ANALITIKNEWS.COM – Gelombang kritik terhadap kepemimpinan Presiden FIFA Gianni Infantino kembali menguat. Presiden LaLiga Javier Tebas secara terbuka mendesak pria asal Swiss itu mundur dari jabatannya setelah menilai berbagai kebijakan FIFA telah menggerus integritas sepak bola.
Menurut Tebas, organisasi sepak bola dunia kini lebih mengedepankan kepentingan komersial dibanding menjaga nilai sportivitas dan independensi kompetisi.
Sorotan terhadap Infantino mencuat setelah sejumlah keputusan FIFA selama penyelenggaraan Piala Dunia 2026 memicu kontroversi.
Mulai dari penerapan hydration break yang dinilai membuka ruang lebih besar bagi kepentingan iklan hingga keputusan menganulir hukuman kartu merah pemain Amerika Serikat, Folarin Balogun.
FIFA juga menjadi sasaran kritik karena dianggap kehilangan wibawa di hadapan Amerika Serikat sebagai tuan rumah Piala Dunia 2026. Polemik semakin berkembang setelah muncul klaim mengenai adanya intervensi Gedung Putih dalam penangguhan kartu merah Balogun. Di sisi lain, penolakan masuk terhadap wasit asal Somalia, Omar Artan, ke wilayah Amerika Serikat turut memunculkan pertanyaan mengenai kewenangan FIFA dalam mengelola turnamen terbesar sepak bola dunia.
Kontroversi lain yang mendapat sorotan adalah wacana penambahan peserta Piala Dunia 2030 menjadi 64 tim. Kebijakan tersebut dinilai banyak pihak lebih menguntungkan dari sisi bisnis karena akan menambah jumlah pertandingan, penjualan tiket, serta pendapatan komersial FIFA.
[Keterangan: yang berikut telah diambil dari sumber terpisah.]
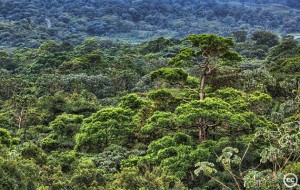 rainforest CO2 temperature study Exeter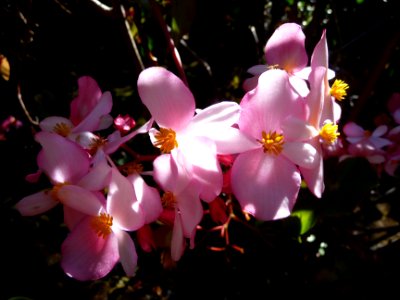 Begonia semperflorens 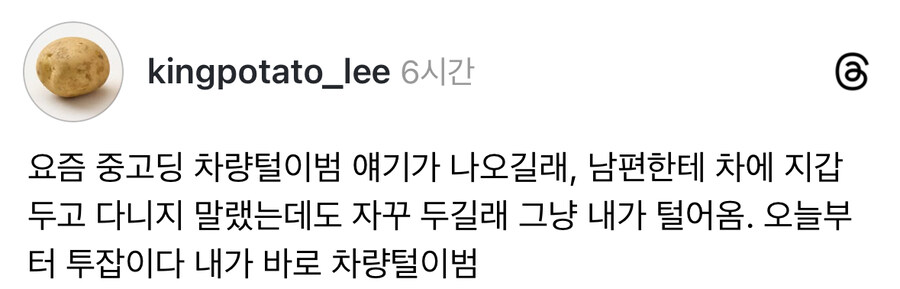 차량털이 아내 | 인스티즈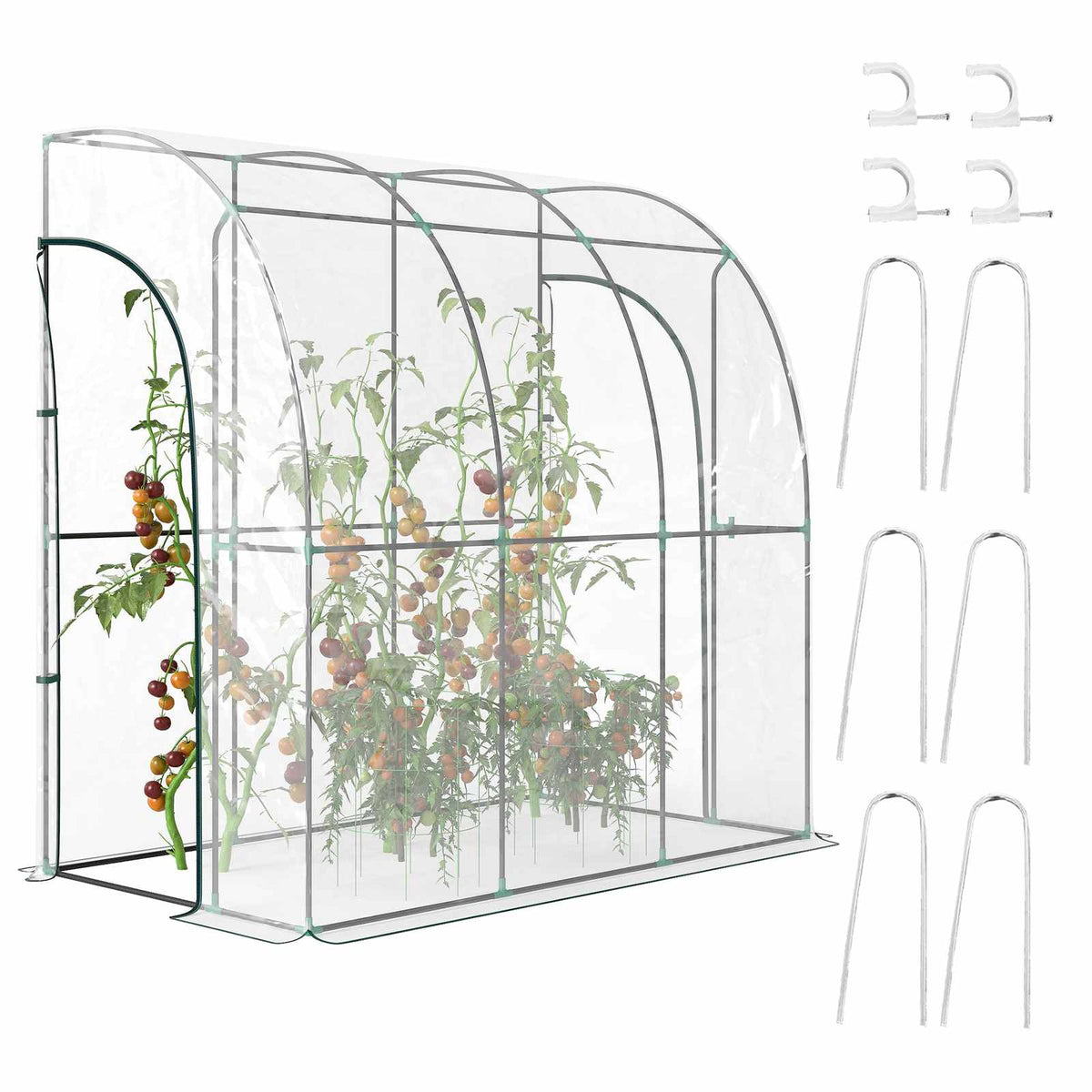 Serre adossée transparente avec plantes, fixations murales et piquets de sol
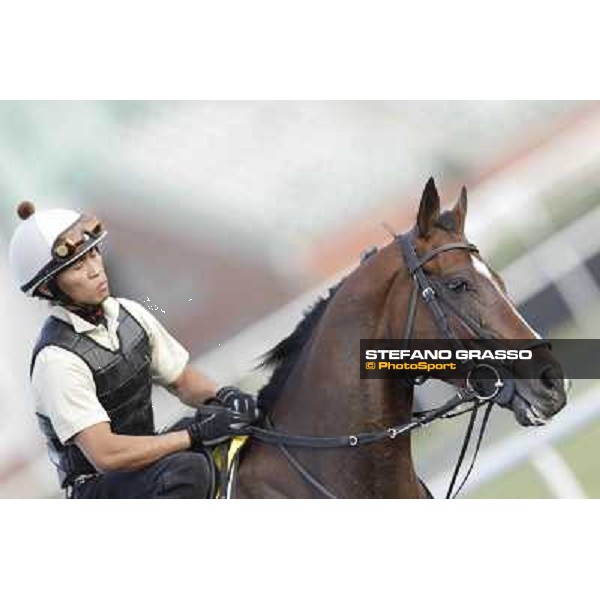 Morning track works - Presvis Dubai, Meydan racecourse - 30th march 2012 ph.Stefano Grasso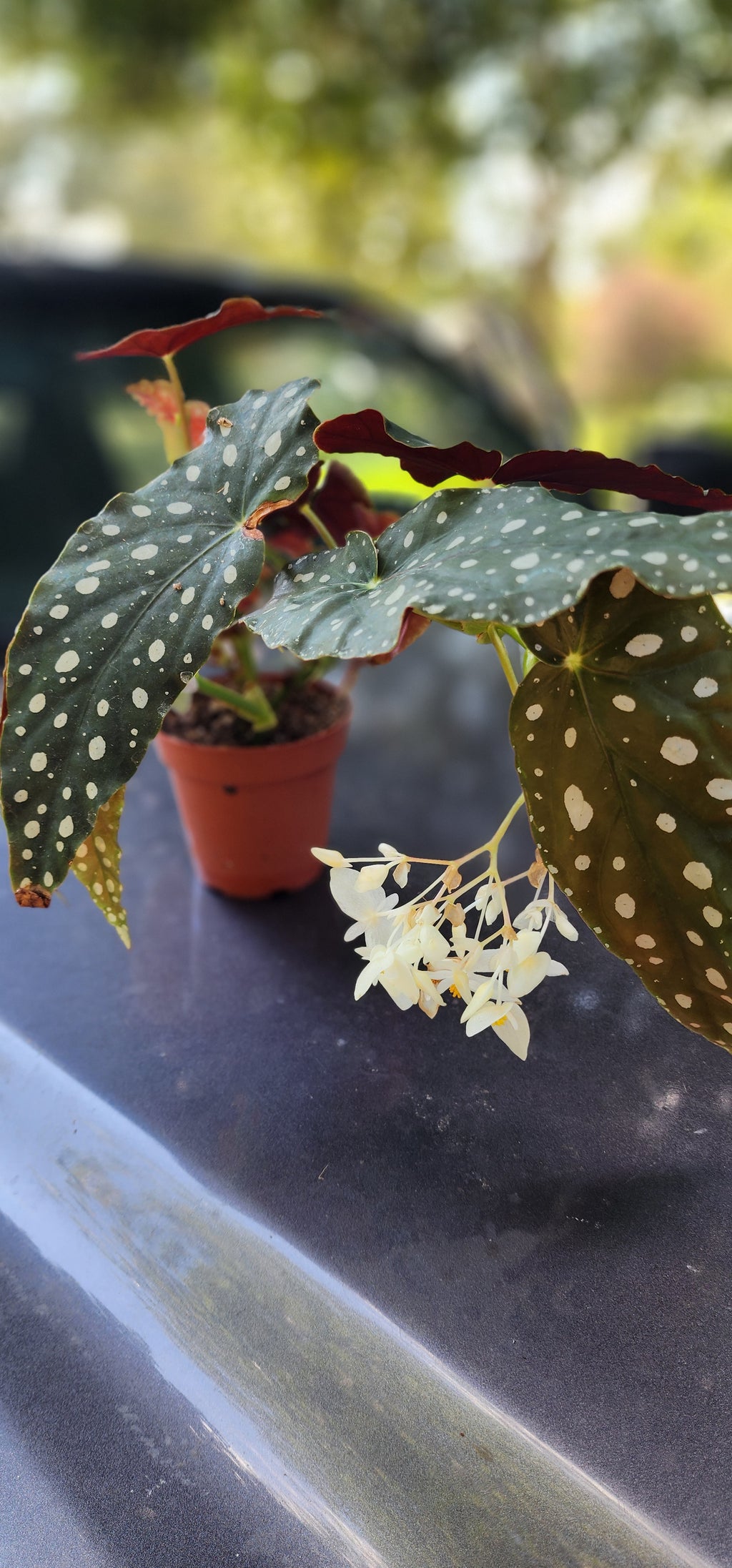 Begonia "Polka Dot" - Live Plant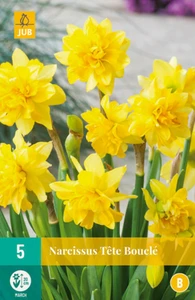 Narcissus Tete Boucle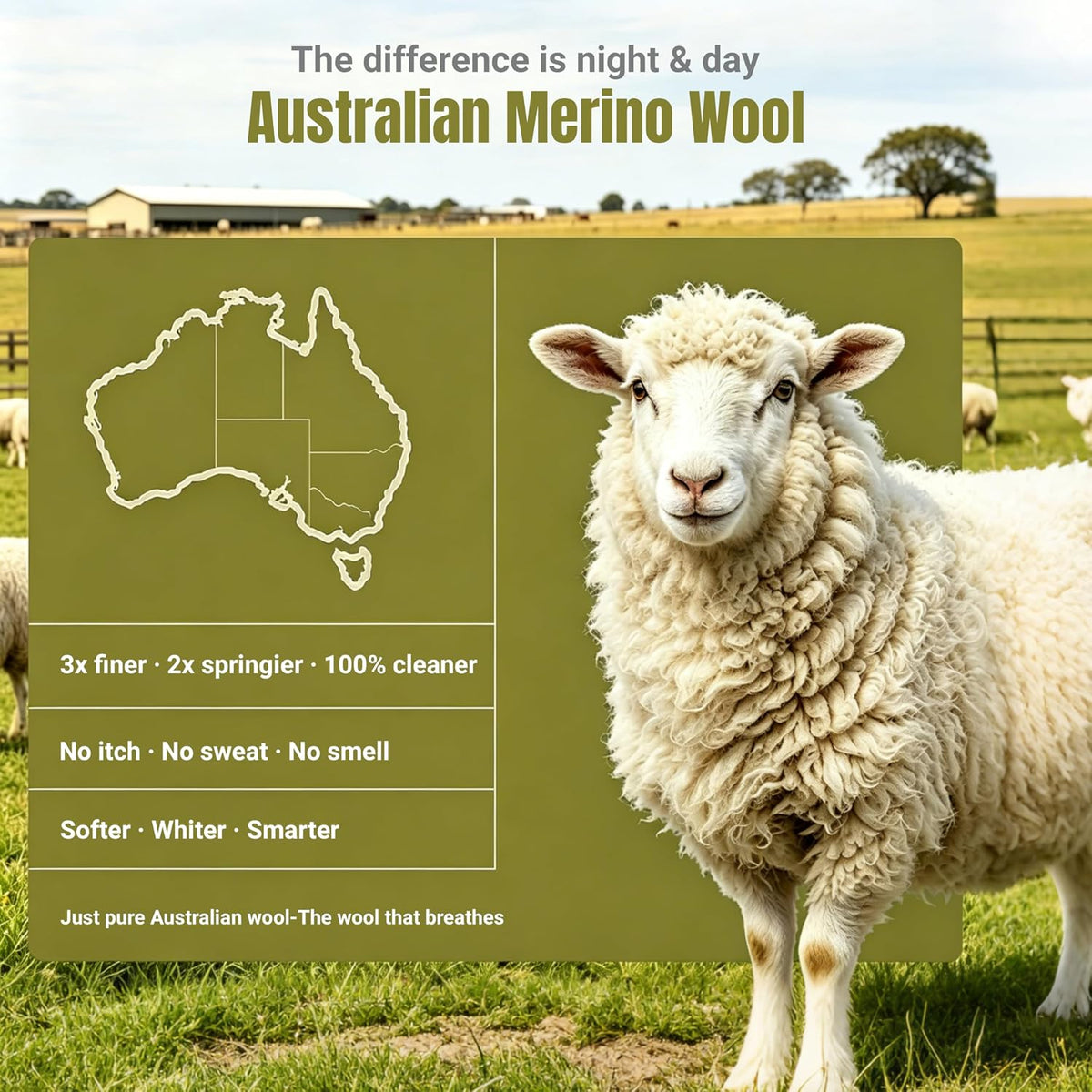 100% Australian Wool Comforter Queen-All Season Breathable Duvet Insert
Bagi Tebas, rentetan polemik tersebut menjadi bukti bahwa kepemimpinan Infantino sudah tidak lagi sejalan dengan kepentingan sepak bola. Ia pun menilai sudah saatnya FIFA melakukan pergantian pemimpin.
“Infantino tidak tertarik pada sepakbola, tetapi ia mendapat dukungan dari federasi-federasi karena tidak ada yang berani menentangnya,” kata Tebas, dilansir dari A Bola.
Presiden LaLiga itu menegaskan bahwa Infantino seharusnya bertanggung jawab atas berbagai persoalan yang mencuat dengan mengundurkan diri dari jabatan Presiden FIFA.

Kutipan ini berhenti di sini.